Swimming pools may not be your thing, but your industry has its secrets. Expose all the closet-dwelling skeletons you can find and you’ll never run out of incredible content ideas. 

2. What does nearly everyone disagree with you about?

This one comes to you from Peter Thiel, billionaire founder of Paypal and super-smart Facebook investor. He uses this question to get entrepreneurs thinking about world-changing business ideas … and it works.

The question is designed to mine your brain for disruptive and uncomfortable ideas that challenge the status quo. By answering it, you’ll water the niggling seeds of doubt you have about concepts commonly accepted as fact in your industry.

Soon you’ll have grown a full-fledged content rebellion that says otherwise, and readers will flock to your flag.

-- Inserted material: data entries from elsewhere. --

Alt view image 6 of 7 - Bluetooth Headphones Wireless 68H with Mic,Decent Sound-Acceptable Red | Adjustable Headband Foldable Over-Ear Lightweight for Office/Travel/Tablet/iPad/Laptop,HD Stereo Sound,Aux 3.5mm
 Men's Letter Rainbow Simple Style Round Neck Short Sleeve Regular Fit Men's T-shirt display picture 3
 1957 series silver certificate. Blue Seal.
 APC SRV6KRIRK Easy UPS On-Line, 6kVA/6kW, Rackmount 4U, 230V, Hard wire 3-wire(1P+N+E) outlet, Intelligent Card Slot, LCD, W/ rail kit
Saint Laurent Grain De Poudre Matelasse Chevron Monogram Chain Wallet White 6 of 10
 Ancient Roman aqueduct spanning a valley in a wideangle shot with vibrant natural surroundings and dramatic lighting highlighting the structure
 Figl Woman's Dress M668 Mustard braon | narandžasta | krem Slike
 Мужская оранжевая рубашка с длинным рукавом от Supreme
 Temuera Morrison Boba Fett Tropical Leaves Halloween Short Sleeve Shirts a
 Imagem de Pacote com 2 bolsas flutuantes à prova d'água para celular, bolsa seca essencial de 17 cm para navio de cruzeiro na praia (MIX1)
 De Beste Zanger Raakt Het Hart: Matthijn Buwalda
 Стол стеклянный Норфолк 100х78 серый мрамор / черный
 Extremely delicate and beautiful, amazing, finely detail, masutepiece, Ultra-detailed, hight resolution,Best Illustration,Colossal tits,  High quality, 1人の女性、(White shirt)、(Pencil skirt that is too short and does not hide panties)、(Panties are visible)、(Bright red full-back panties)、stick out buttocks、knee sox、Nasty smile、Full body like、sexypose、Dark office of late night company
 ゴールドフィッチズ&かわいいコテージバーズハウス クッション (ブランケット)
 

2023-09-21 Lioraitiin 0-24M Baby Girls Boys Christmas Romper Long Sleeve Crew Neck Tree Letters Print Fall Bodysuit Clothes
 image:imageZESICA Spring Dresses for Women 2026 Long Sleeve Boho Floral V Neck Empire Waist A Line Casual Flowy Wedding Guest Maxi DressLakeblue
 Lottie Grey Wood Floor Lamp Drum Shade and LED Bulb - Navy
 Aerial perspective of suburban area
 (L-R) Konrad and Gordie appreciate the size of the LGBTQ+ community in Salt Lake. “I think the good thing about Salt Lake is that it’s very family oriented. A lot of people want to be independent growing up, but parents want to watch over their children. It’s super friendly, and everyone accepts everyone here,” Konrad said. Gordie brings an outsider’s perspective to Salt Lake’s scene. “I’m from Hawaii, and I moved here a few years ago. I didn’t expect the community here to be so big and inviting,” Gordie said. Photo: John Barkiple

Your audience will instantly identify you as rebel who doesn’t hold anything back. Question the unquestionable, and everyone pays attention — just like when I wrote a post about Why Lifestyle Design Will Make You Miserable

Don’t be afraid that adopting a strong controversial stance will make you look stupid. You don’t even always have to be right. In fact, being bold and occasionally wrong wins you a lot more attention than being boring and always right. 

In the event that someone vehemently contradicts you, simply thank them for contributing and remind them that dialogue makes us all smarter. After all, a public argument is fabulous publicity.

3. What do you believe will happen in the future that other people consider impossible or unlikely?

As a teacher in your chosen industry or niche, you have a depth of knowledge that your customers are in awe of.

Demonstrate that knowledge by becoming “futurist for a day,” making bold predictions about the future of your industry. 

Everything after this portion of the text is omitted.